Among the entries below, copy only the span from the line containing "литература - 34638029" through the line containing "blue phobia chapter 3 12". Do so exactly, and skip the pictures.

★ ★ ★

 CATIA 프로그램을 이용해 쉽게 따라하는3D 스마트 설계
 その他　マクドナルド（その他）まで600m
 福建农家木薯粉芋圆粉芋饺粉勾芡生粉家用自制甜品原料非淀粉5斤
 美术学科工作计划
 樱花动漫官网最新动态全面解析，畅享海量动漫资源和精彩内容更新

★ ★ ★

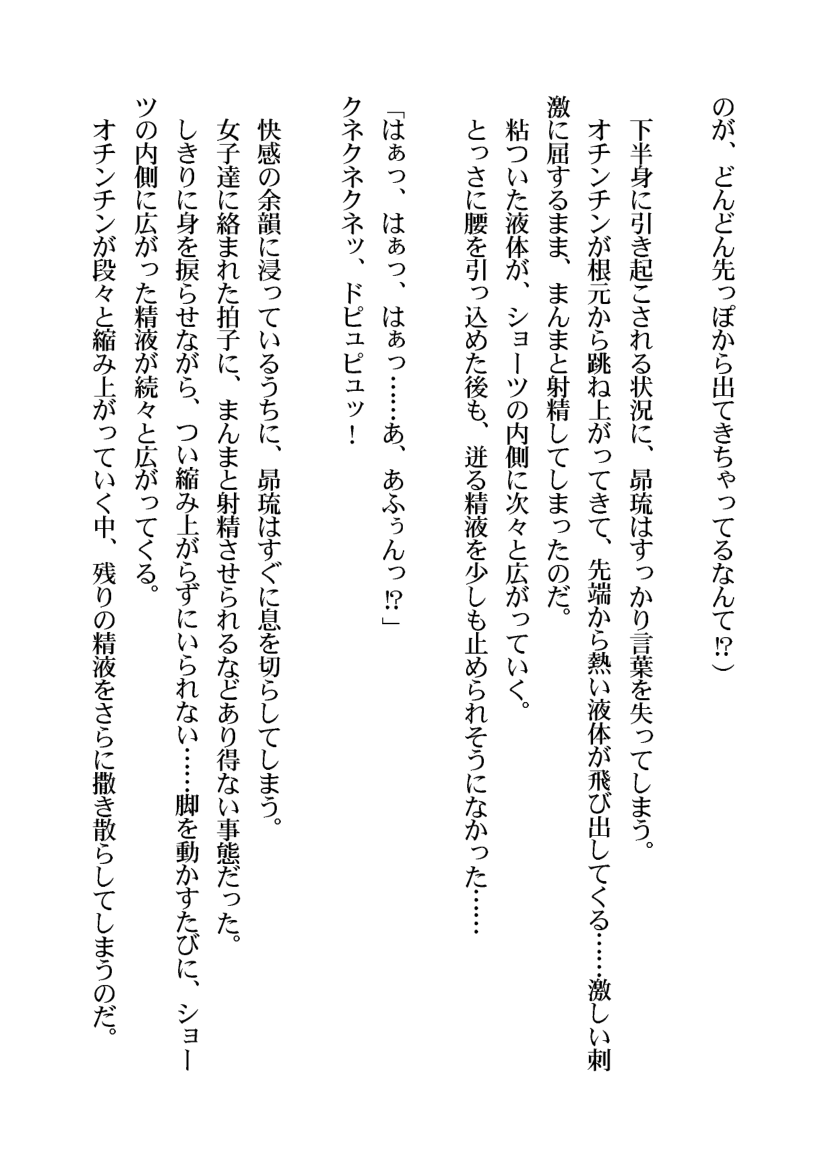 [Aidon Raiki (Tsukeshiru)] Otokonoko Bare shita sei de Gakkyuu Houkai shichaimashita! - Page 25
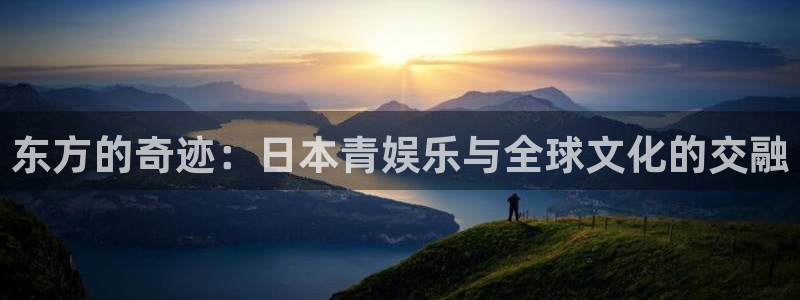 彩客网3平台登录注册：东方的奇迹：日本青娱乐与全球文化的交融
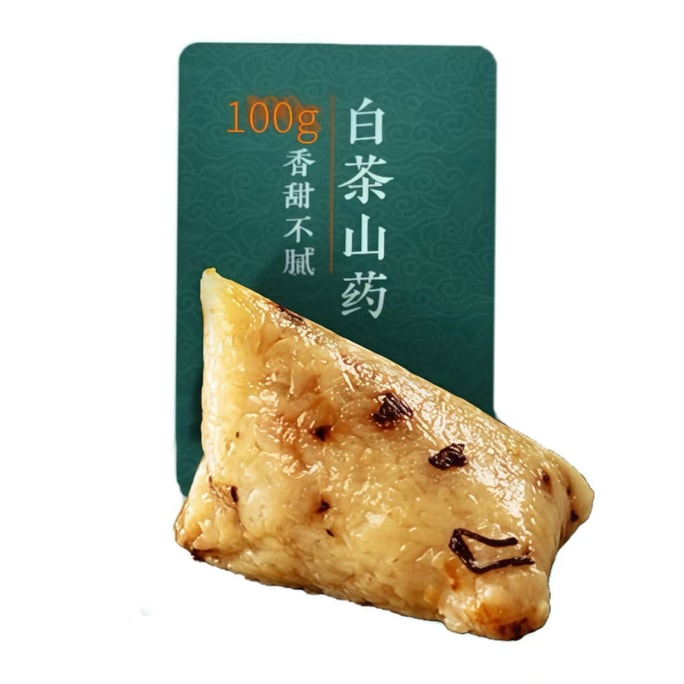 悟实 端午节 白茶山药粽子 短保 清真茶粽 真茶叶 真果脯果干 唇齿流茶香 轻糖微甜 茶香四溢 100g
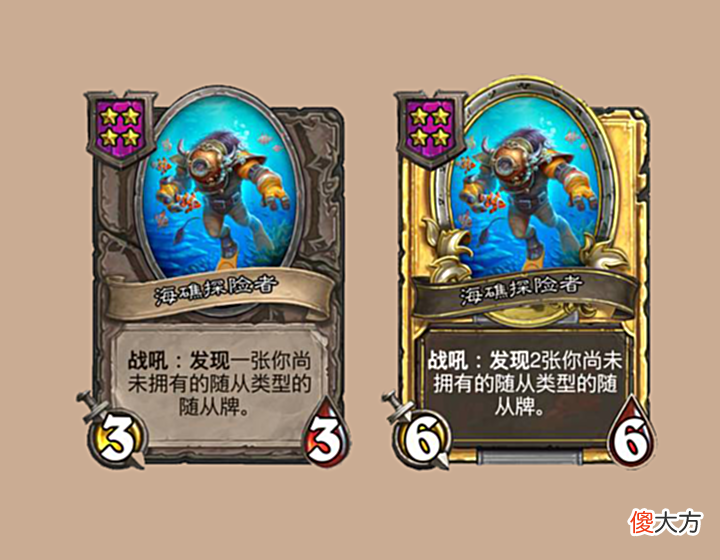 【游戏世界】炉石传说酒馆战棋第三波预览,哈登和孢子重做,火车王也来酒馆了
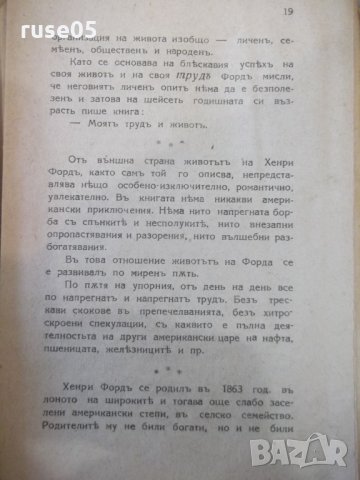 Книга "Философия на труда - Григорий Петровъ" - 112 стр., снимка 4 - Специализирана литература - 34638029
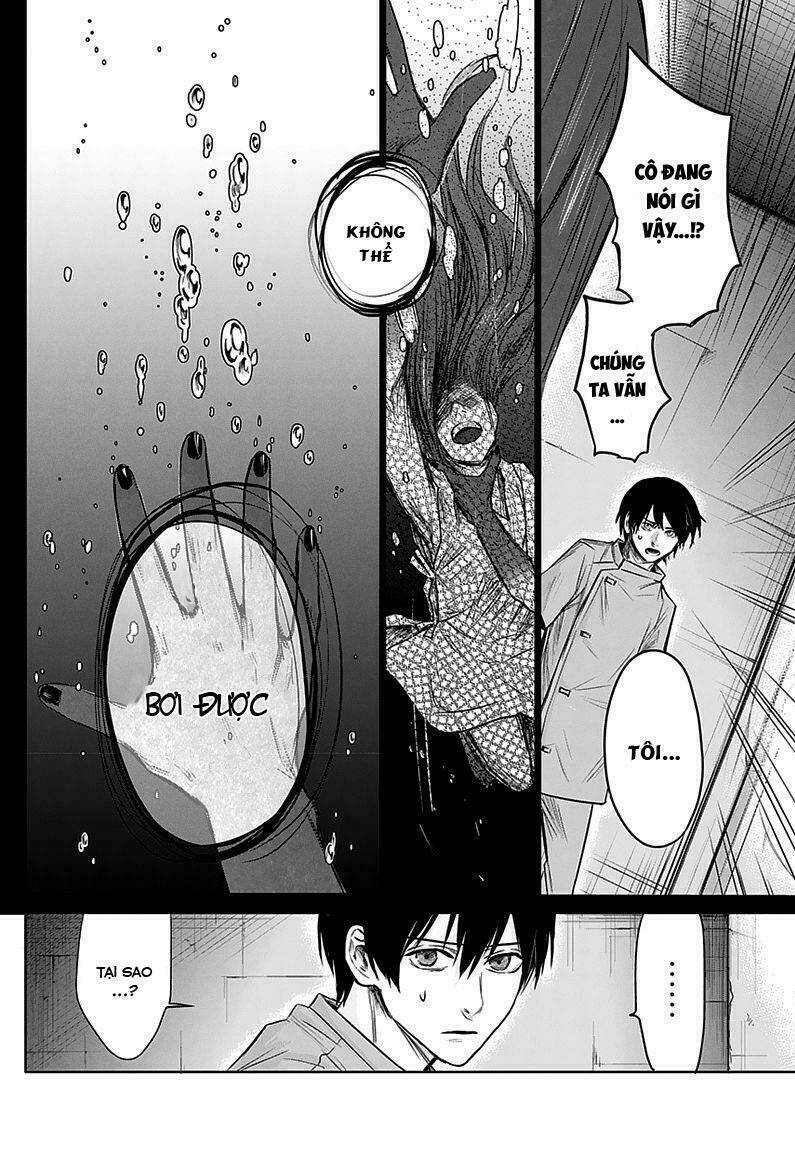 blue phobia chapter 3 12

★ ★ ★

__Exercise output__.
 Книга "Философия на труда - Григорий Петровъ" - 112 стр., снимка 4 - Специализирана литература - 34638029
 blue phobia chapter 3 12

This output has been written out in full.